Just how much is Obama willing to be unknown?

That’s a good question, and the media are forced to start considering it now that the Democratic candidate for president is ‘shifting his emphasis’ considerably on many key issues and leaving his supporters baffled.

David Broder says in WaPo that no one really knows who Obama is just yet, and they’re starting to notice that they don’t.

In their effort to embarrass him, Republicans ask: Who is the real Barack Obama? Is he, as he claims, a fresh face, heralding a new era of post-partisan politics, or a cynical old-style pol making poll-driven adjustments with scant regard for principles? A protectionist or a free-trader? A corporate-basher or an ally of interest-group contributors? Is he a doctrinaire liberal, disguising himself as a late-blooming centrist?

Last week, the Republican National Committee, in a statement cataloguing some half-dozen recent Obama “flip-flops,” threw up its hands without offering answers. The McCain campaign issued its own list of Obama’s changed positions; it totaled 17 items but confessed that “nobody knows what Barack Obama truly believes.”

It’s not just Republicans, Broder points out.

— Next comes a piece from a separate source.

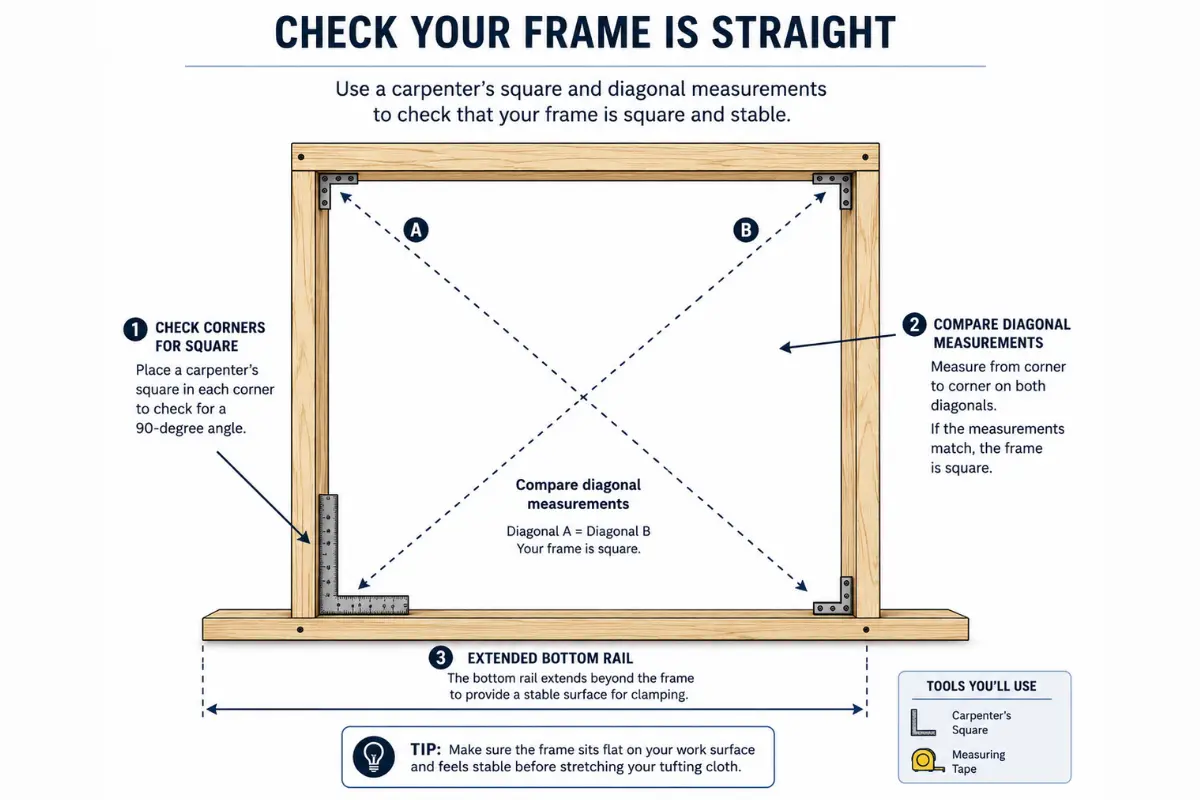 checking a DIY tufting frame for square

I can do no better, and I confess that it is only speculation to suggest that Obama’s recent performance is motivated by a desire to confuse the opposition.

Shifts in emphasis are normal for candidates when they try to broaden their appeal for the general election.

But Obama’s case is more challenging than the typical candidate’s post-primary adjustment. For one thing, he is more opaque than the usual nominee. No one in recent decades has emerged as the party standard-bearer from so truncated a political career: four years in the U.S. Senate, during which he has yet to lead on any major domestic or foreign policy issue, preceded by largely anonymous service in the Illinois state Senate.

Another WaPo piece questions where his ideology is, since his own party hasn’t really found it yet.

One factor in Obama’s success has been his ability to confound both left and right. But while that may be a measure of a skillful politician determined to win a general election, it has left unanswered important questions about his core principles and his presidential priorities. How well he answers them over the coming months will determine the outcome of his race against Republican Sen. John McCain.